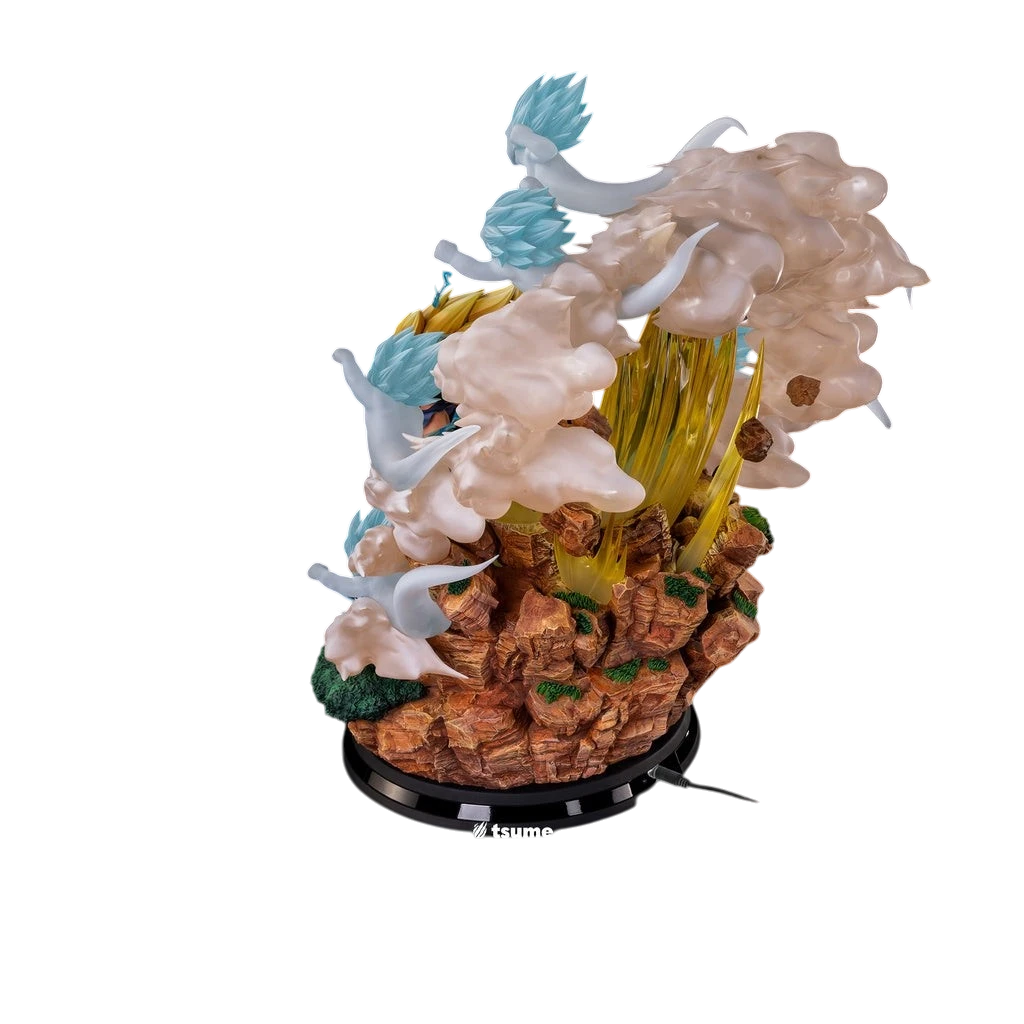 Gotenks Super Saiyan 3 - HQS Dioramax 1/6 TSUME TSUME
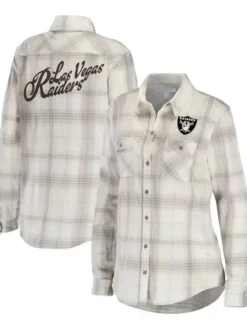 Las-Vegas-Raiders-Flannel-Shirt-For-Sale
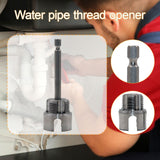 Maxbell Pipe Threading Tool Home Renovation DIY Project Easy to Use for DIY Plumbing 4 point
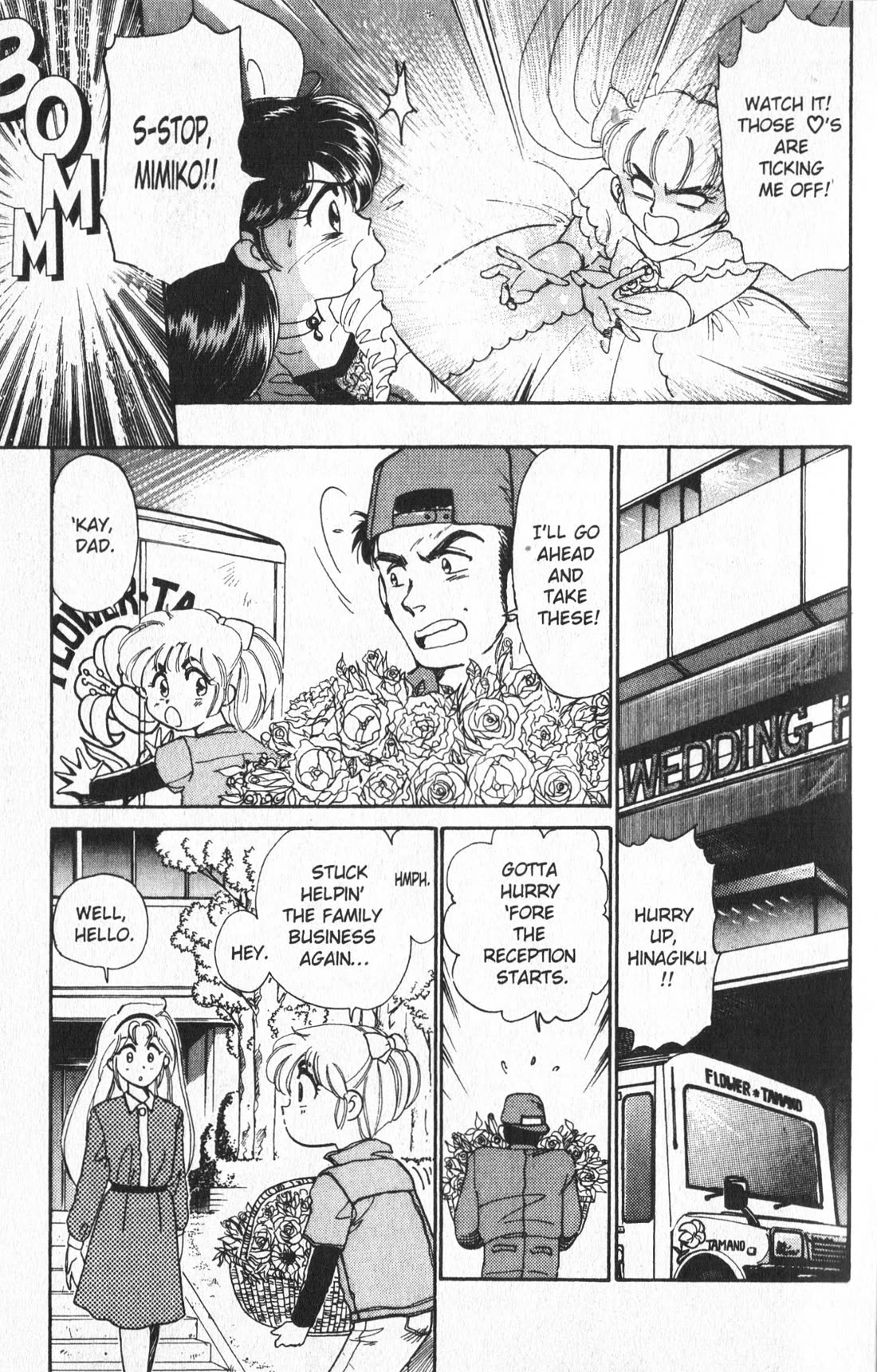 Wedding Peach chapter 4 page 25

=======

**TASK DIRECTIONS**
Retype the whole listing exactly and leave the pictures out.

**RESPONSE BELOW**
 Gotenks Super Saiyan 3 - HQS Dioramax 1/6 TSUME TSUME
 Las-Vegas-Raiders-Flannel-Shirt-For-Sale
 Maxbell Pipe Threading Tool Home Renovation DIY Project Easy to Use for DIY Plumbing 4 point
 Wedding Peach chapter 4 page 25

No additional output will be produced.